*Directions*
Give every line of the data again, exactly.

-- Material for this task follows --

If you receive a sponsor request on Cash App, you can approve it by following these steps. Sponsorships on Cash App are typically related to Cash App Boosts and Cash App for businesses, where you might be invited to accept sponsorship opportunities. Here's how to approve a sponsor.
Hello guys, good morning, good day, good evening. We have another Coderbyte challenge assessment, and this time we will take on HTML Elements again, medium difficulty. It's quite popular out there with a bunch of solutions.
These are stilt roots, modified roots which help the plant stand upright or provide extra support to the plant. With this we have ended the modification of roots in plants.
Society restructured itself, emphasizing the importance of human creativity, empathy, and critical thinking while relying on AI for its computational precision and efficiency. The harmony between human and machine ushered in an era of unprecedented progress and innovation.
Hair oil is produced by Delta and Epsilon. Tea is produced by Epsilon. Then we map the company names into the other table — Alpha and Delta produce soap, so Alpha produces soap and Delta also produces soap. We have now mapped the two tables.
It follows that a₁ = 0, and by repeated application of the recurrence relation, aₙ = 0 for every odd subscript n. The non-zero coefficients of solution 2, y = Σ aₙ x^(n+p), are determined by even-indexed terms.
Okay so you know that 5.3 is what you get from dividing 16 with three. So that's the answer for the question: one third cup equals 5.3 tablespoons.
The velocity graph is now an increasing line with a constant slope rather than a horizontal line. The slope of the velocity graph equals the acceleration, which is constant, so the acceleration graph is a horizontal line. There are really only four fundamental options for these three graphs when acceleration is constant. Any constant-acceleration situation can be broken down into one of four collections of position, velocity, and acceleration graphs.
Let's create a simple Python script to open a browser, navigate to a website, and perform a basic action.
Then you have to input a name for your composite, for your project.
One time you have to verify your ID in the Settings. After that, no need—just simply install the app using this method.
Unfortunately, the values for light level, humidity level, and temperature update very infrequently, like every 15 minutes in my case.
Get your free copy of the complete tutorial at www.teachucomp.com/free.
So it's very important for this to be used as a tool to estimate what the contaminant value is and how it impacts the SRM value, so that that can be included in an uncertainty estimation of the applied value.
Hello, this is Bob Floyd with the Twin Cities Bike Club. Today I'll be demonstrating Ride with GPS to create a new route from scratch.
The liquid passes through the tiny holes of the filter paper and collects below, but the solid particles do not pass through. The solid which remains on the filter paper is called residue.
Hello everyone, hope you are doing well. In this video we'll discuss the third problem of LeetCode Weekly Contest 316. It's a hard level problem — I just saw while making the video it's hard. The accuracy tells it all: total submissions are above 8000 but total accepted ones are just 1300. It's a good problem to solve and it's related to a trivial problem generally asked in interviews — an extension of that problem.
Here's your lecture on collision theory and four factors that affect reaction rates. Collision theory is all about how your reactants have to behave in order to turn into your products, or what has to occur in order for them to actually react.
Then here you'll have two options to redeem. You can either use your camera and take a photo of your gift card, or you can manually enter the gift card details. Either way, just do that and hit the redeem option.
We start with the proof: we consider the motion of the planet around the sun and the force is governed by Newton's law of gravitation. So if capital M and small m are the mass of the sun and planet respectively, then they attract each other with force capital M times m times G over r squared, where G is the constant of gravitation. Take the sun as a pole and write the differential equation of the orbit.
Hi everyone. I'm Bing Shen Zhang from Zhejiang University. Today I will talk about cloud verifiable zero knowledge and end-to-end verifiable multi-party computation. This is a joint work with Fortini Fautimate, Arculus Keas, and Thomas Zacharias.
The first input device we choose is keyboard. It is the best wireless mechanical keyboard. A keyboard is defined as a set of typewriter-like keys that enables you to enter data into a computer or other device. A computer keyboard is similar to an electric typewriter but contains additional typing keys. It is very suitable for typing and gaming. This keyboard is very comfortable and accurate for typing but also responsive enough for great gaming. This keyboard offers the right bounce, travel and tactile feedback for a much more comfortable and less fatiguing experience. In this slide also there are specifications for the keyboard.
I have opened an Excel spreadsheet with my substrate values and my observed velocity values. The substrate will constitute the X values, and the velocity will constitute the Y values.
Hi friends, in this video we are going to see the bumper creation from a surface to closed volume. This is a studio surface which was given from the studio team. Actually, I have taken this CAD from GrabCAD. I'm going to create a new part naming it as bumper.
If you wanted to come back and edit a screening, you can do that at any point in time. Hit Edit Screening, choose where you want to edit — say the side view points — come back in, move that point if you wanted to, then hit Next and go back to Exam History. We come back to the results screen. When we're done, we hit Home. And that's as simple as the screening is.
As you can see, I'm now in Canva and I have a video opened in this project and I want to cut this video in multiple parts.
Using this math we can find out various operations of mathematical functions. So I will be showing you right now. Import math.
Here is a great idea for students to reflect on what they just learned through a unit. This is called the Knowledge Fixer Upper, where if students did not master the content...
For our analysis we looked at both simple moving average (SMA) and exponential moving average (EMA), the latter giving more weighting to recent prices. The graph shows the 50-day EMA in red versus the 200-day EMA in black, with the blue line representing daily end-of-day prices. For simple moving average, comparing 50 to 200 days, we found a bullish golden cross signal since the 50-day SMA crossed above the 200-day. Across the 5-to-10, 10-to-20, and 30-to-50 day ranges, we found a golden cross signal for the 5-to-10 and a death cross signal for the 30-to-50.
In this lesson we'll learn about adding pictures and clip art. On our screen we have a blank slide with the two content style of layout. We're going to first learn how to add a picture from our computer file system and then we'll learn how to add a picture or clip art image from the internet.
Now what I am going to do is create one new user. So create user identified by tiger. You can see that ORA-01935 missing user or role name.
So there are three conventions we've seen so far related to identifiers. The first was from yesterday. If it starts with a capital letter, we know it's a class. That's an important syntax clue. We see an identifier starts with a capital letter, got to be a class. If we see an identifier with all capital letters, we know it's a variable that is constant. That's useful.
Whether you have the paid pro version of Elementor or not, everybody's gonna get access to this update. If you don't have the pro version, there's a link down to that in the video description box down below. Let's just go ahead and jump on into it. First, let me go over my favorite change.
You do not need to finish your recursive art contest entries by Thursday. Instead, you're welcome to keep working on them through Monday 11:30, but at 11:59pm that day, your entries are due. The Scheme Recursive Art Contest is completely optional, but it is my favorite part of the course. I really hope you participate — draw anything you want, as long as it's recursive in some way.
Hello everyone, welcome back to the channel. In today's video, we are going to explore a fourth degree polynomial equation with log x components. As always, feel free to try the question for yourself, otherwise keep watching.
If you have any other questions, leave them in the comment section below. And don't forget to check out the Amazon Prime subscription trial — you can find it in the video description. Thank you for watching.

-- Material for this task concluded --

*Reply*
If you receive a sponsor request on Cash App, you can approve it by following these steps. Sponsorships on Cash App are typically related to Cash App Boosts and Cash App for businesses, where you might be invited to accept sponsorship opportunities. Here's how to approve a sponsor.
Hello guys, good morning, good day, good evening. We have another Coderbyte challenge assessment, and this time we will take on HTML Elements again, medium difficulty. It's quite popular out there with a bunch of solutions.
These are stilt roots, modified roots which help the plant stand upright or provide extra support to the plant. With this we have ended the modification of roots in plants.
Society restructured itself, emphasizing the importance of human creativity, empathy, and critical thinking while relying on AI for its computational precision and efficiency. The harmony between human and machine ushered in an era of unprecedented progress and innovation.
Hair oil is produced by Delta and Epsilon. Tea is produced by Epsilon. Then we map the company names into the other table — Alpha and Delta produce soap, so Alpha produces soap and Delta also produces soap. We have now mapped the two tables.
It follows that a₁ = 0, and by repeated application of the recurrence relation, aₙ = 0 for every odd subscript n. The non-zero coefficients of solution 2, y = Σ aₙ x^(n+p), are determined by even-indexed terms.
Okay so you know that 5.3 is what you get from dividing 16 with three. So that's the answer for the question: one third cup equals 5.3 tablespoons.
The velocity graph is now an increasing line with a constant slope rather than a horizontal line. The slope of the velocity graph equals the acceleration, which is constant, so the acceleration graph is a horizontal line. There are really only four fundamental options for these three graphs when acceleration is constant. Any constant-acceleration situation can be broken down into one of four collections of position, velocity, and acceleration graphs.
Let's create a simple Python script to open a browser, navigate to a website, and perform a basic action.
Then you have to input a name for your composite, for your project.
One time you have to verify your ID in the Settings. After that, no need—just simply install the app using this method.
Unfortunately, the values for light level, humidity level, and temperature update very infrequently, like every 15 minutes in my case.
Get your free copy of the complete tutorial at www.teachucomp.com/free.
So it's very important for this to be used as a tool to estimate what the contaminant value is and how it impacts the SRM value, so that that can be included in an uncertainty estimation of the applied value.
Hello, this is Bob Floyd with the Twin Cities Bike Club. Today I'll be demonstrating Ride with GPS to create a new route from scratch.
The liquid passes through the tiny holes of the filter paper and collects below, but the solid particles do not pass through. The solid which remains on the filter paper is called residue.
Hello everyone, hope you are doing well. In this video we'll discuss the third problem of LeetCode Weekly Contest 316. It's a hard level problem — I just saw while making the video it's hard. The accuracy tells it all: total submissions are above 8000 but total accepted ones are just 1300. It's a good problem to solve and it's related to a trivial problem generally asked in interviews — an extension of that problem.
Here's your lecture on collision theory and four factors that affect reaction rates. Collision theory is all about how your reactants have to behave in order to turn into your products, or what has to occur in order for them to actually react.
Then here you'll have two options to redeem. You can either use your camera and take a photo of your gift card, or you can manually enter the gift card details. Either way, just do that and hit the redeem option.
We start with the proof: we consider the motion of the planet around the sun and the force is governed by Newton's law of gravitation. So if capital M and small m are the mass of the sun and planet respectively, then they attract each other with force capital M times m times G over r squared, where G is the constant of gravitation. Take the sun as a pole and write the differential equation of the orbit.
Hi everyone. I'm Bing Shen Zhang from Zhejiang University. Today I will talk about cloud verifiable zero knowledge and end-to-end verifiable multi-party computation. This is a joint work with Fortini Fautimate, Arculus Keas, and Thomas Zacharias.
The first input device we choose is keyboard. It is the best wireless mechanical keyboard. A keyboard is defined as a set of typewriter-like keys that enables you to enter data into a computer or other device. A computer keyboard is similar to an electric typewriter but contains additional typing keys. It is very suitable for typing and gaming. This keyboard is very comfortable and accurate for typing but also responsive enough for great gaming. This keyboard offers the right bounce, travel and tactile feedback for a much more comfortable and less fatiguing experience. In this slide also there are specifications for the keyboard.
I have opened an Excel spreadsheet with my substrate values and my observed velocity values. The substrate will constitute the X values, and the velocity will constitute the Y values.
Hi friends, in this video we are going to see the bumper creation from a surface to closed volume. This is a studio surface which was given from the studio team. Actually, I have taken this CAD from GrabCAD. I'm going to create a new part naming it as bumper.
If you wanted to come back and edit a screening, you can do that at any point in time. Hit Edit Screening, choose where you want to edit — say the side view points — come back in, move that point if you wanted to, then hit Next and go back to Exam History. We come back to the results screen. When we're done, we hit Home. And that's as simple as the screening is.
As you can see, I'm now in Canva and I have a video opened in this project and I want to cut this video in multiple parts.
Using this math we can find out various operations of mathematical functions. So I will be showing you right now. Import math.
Here is a great idea for students to reflect on what they just learned through a unit. This is called the Knowledge Fixer Upper, where if students did not master the content...
For our analysis we looked at both simple moving average (SMA) and exponential moving average (EMA), the latter giving more weighting to recent prices. The graph shows the 50-day EMA in red versus the 200-day EMA in black, with the blue line representing daily end-of-day prices. For simple moving average, comparing 50 to 200 days, we found a bullish golden cross signal since the 50-day SMA crossed above the 200-day. Across the 5-to-10, 10-to-20, and 30-to-50 day ranges, we found a golden cross signal for the 5-to-10 and a death cross signal for the 30-to-50.
In this lesson we'll learn about adding pictures and clip art. On our screen we have a blank slide with the two content style of layout. We're going to first learn how to add a picture from our computer file system and then we'll learn how to add a picture or clip art image from the internet.
Now what I am going to do is create one new user. So create user identified by tiger. You can see that ORA-01935 missing user or role name.
So there are three conventions we've seen so far related to identifiers. The first was from yesterday. If it starts with a capital letter, we know it's a class. That's an important syntax clue. We see an identifier starts with a capital letter, got to be a class. If we see an identifier with all capital letters, we know it's a variable that is constant. That's useful.
Whether you have the paid pro version of Elementor or not, everybody's gonna get access to this update. If you don't have the pro version, there's a link down to that in the video description box down below. Let's just go ahead and jump on into it. First, let me go over my favorite change.
You do not need to finish your recursive art contest entries by Thursday. Instead, you're welcome to keep working on them through Monday 11:30, but at 11:59pm that day, your entries are due. The Scheme Recursive Art Contest is completely optional, but it is my favorite part of the course. I really hope you participate — draw anything you want, as long as it's recursive in some way.
Hello everyone, welcome back to the channel. In today's video, we are going to explore a fourth degree polynomial equation with log x components. As always, feel free to try the question for yourself, otherwise keep watching.
If you have any other questions, leave them in the comment section below. And don't forget to check out the Amazon Prime subscription trial — you can find it in the video description. Thank you for watching.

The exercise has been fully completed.